At present, the adjustment of the surface strain of the catalyst mainly relies on the deposition of platinum on the surface of another material (the formation of a core-shell structure).

How to achieve precise and continuous regulation of the surface strain of platinum catalysts is a challenging problem that has attracted much attention and urgently needs to be solved in the field of catalysis.

Link to the paper: https://www.nature.com/articles/s41586-021-03870-z

More about Jin:

Jin is a professor and an academic supervisor for PhD students at XJTU. He became a staff member of the XJTU Frontier Institute of Science and Technology in March 2012 and joined the State Key Laboratory of Multiphase Flow in Power Engineering in 2016.
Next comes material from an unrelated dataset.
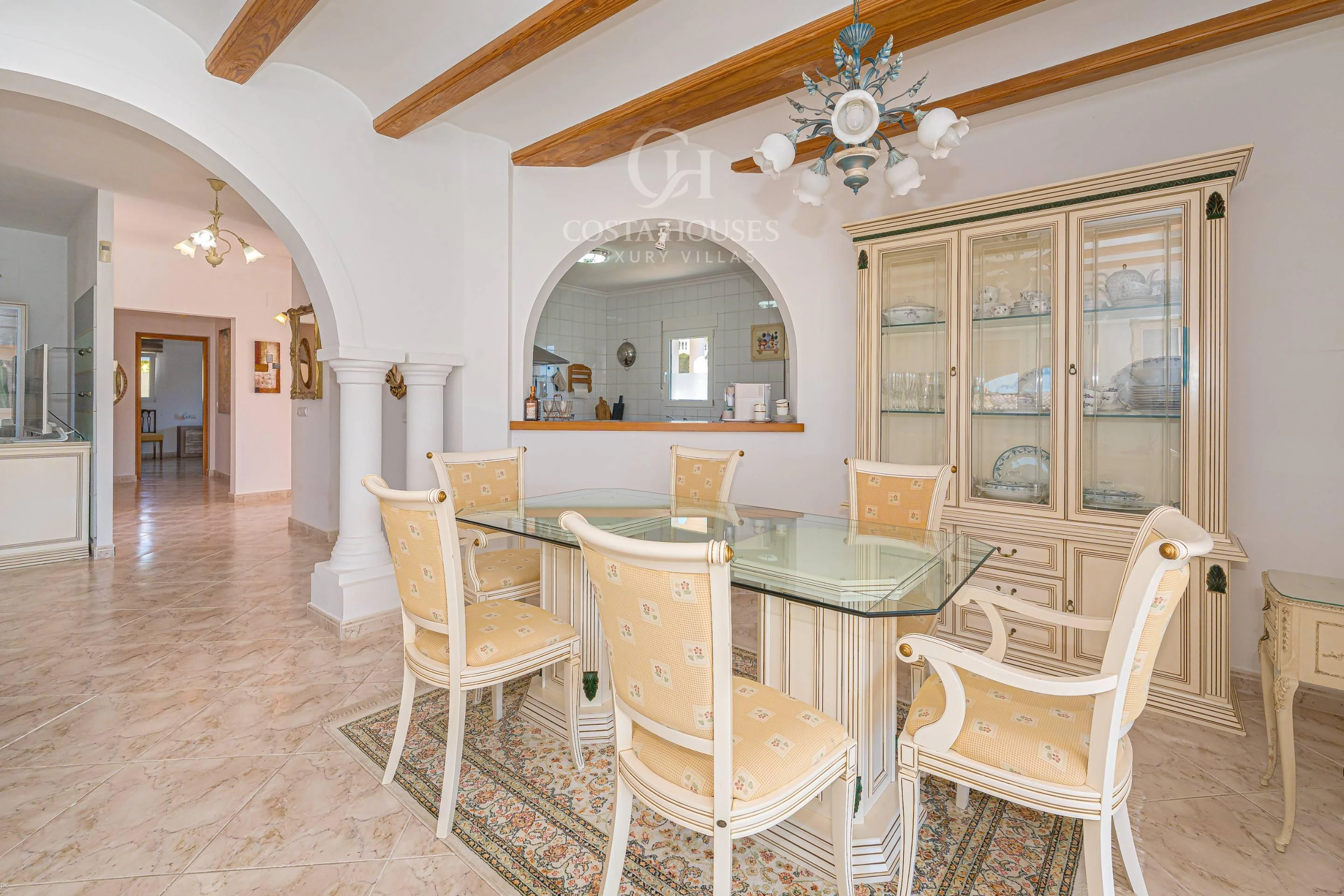 2858V_LUZSERENA - VILLA LUZ SERENA · PRIVACIDAD, LUZ NATURAL Y ESTILO DE VIDA MEDITERRÁNEO EN JÁVEA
Jin was selected for the XJTU Plan for the Cultivation of Young Leading Talents in 2016, Shaanxi Provincial Plan for the Cultivation of Young Leading Talents in Universities in 2018, and the 2020 Elsevier Annual List of Highly Cited Chinese Researchers in 2021.
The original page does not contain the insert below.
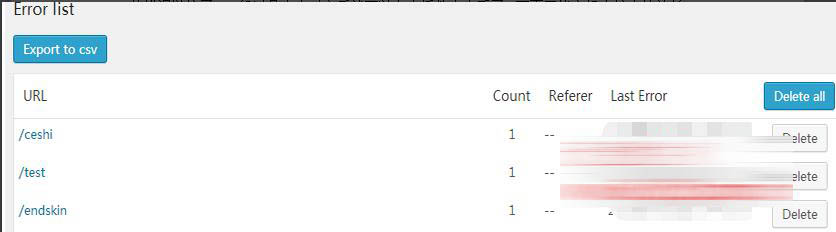 搜索插件名称-404 Error Monitor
Jin has published over 60 research papers in major international journals such as Nature, Angew. Chem. Int. Ed. and Nat. Commun. Eight of them have been on the list of SCI highly cited papers and have been cited over 7,000 times in total.

Jin has been invited by the International Union of Materials Research Societies and the Chinese Chemical Society to present his reports five times. He has been in charge of four research projects associated with the National Natural Science Foundation of China, and possesses three specific Chinese invention patents and a US patent.